Kuantum hesaplama, belirli hesaplama türlerini klasik bilgisayarlardan daha hızlı gerçekleştirmek için kuantum bitlerini (kübitleri) manipüle etmek için kuantum mekaniği ilkelerini kullanan bir hesaplama paradigmasıdır. Potansiyel uygulamaları arasında kriptografi, optimizasyon sorunları ve karmaşık sistemlerin simülasyonları yer alır.

Şifrelenmiş veriler rastgele görünse de, şifreleme algoritmaları mantıksal kuralları takip eder ve bazı saldırı türlerine karşı savunmasız olabilir. Tüm algoritmalar, şifreleme anahtarının olası tüm kombinasyonlarının denendiği brute-force saldırılarına karşı doğal olarak savunmasızdır.

Verizon’un 2021 Veri İhlali raporuna göre, bilgisayar korsanlığının neden olduğu ihlallerin %85’i brute-force ya da kaybolan veya çalınan kimlik bilgilerinin kullanımını içermektedir. Ayrıca, siber suçlar ABD ekonomisine yılda 100 milyar dolara ve küresel ekonomiye yılda 450 milyar dolara mal olmaktadır.

Geleneksel olarak 128-bit şifreleme anahtarı brute-force saldırılarına karşı güvenli bir teorik sınır oluştursa da, bu şu anda kamu ve ticari amaçlar için kullanılan varsayılan simetrik şifreleme şifresi olan Gelişmiş Şifreleme Standardı simetrik anahtarları için asgari bir gerekliliktir.

İşletmeler, risk yönetimi planları geliştirmekten, QC’nin oluşturduğu tehditlerle mücadele etmek için kuantum mekaniğinin kendisinden yararlanmaya kadar değişen kuantum güvenli siber güvenlik çözümleri uygulayabilir.

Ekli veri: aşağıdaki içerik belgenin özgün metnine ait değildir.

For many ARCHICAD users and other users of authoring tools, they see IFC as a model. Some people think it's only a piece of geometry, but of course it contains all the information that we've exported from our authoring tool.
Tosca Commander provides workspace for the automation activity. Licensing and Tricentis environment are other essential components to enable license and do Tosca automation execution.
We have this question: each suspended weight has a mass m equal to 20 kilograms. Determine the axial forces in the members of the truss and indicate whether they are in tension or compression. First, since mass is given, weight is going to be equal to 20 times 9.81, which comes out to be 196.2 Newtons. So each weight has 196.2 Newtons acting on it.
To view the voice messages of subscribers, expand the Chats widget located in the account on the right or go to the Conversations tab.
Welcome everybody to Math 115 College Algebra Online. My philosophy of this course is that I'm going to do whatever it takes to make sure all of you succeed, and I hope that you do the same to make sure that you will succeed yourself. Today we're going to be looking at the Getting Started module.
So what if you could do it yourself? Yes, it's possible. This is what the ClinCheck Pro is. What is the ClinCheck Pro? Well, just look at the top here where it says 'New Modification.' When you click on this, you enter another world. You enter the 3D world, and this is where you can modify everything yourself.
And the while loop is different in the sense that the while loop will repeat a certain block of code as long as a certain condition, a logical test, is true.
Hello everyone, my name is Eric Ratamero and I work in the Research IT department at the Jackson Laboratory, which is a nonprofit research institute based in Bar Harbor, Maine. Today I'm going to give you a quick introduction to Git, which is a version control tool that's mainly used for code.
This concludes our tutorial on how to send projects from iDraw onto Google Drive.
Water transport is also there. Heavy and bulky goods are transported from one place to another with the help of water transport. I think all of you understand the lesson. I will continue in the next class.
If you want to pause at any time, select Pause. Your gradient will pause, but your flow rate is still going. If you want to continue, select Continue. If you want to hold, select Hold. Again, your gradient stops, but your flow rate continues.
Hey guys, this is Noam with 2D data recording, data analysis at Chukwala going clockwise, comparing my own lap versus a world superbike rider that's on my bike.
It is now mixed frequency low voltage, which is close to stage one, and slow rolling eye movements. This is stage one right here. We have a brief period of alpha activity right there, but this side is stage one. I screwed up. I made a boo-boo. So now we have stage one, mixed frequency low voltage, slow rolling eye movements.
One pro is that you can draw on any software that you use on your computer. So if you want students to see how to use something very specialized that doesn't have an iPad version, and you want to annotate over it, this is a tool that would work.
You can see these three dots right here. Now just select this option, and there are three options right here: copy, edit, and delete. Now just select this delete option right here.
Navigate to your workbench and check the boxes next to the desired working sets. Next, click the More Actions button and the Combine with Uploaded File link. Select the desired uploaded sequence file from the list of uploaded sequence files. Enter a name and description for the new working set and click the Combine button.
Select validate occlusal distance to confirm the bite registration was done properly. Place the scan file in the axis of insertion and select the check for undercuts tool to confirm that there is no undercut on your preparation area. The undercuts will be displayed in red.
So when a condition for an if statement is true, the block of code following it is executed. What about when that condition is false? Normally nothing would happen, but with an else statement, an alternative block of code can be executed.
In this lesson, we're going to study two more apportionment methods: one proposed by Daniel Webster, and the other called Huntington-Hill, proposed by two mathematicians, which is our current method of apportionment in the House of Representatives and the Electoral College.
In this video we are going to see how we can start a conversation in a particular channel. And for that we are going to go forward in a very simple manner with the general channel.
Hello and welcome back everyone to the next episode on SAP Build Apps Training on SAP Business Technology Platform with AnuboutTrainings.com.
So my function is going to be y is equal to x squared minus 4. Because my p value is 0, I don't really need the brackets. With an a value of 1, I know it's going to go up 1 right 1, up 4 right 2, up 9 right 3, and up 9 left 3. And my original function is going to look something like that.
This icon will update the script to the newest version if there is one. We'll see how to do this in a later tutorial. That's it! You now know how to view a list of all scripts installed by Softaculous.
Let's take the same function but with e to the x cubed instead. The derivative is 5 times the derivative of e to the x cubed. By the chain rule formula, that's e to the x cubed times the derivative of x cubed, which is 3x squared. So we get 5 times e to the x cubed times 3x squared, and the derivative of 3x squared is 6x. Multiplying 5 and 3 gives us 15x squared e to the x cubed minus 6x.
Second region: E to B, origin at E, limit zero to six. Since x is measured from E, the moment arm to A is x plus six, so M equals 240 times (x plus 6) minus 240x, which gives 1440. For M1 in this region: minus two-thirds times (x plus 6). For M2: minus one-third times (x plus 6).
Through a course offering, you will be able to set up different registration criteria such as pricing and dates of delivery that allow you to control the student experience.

Bunların kırılmasının hesaplama açısından mümkün olmadığı düşünülmektedir ve çoğu uzman günümüzün 128-bit ve 256-bit şifreleme anahtarlarının genel olarak güvenli olduğunu düşünmektedir. Bununla birlikte, önümüzdeki 20 yıl içinde, yeterince büyük kuantum bilgisayarlar, şu anda kullanılmakta olan tüm açık anahtar şemalarını birkaç saniye içinde kırabilecektir.

Kuantum hesaplama

Kuantum Hesaplama Nasıl Çalışır?

Kuantum hesaplama asal sayı çarpanlarına ayırmayı hızlandırır, böylece kuantum hesaplamaya sahip bilgisayarlar gizli anahtarları hızlı bir şekilde hesaplayarak ve kapsamlı bir şekilde arayarak kriptografik anahtarları kolayca kırabilmektedir. Geleneksel bilgisayar mimarileri tarafından hesaplama açısından imkansız olduğu düşünülen bir görev, mevcut kriptografik algoritmaları tehlikeye atarak kolay hale gelir ve açık anahtarlı kriptografiyi kırmak için gereken süreyi yıllardan saatlere indirir.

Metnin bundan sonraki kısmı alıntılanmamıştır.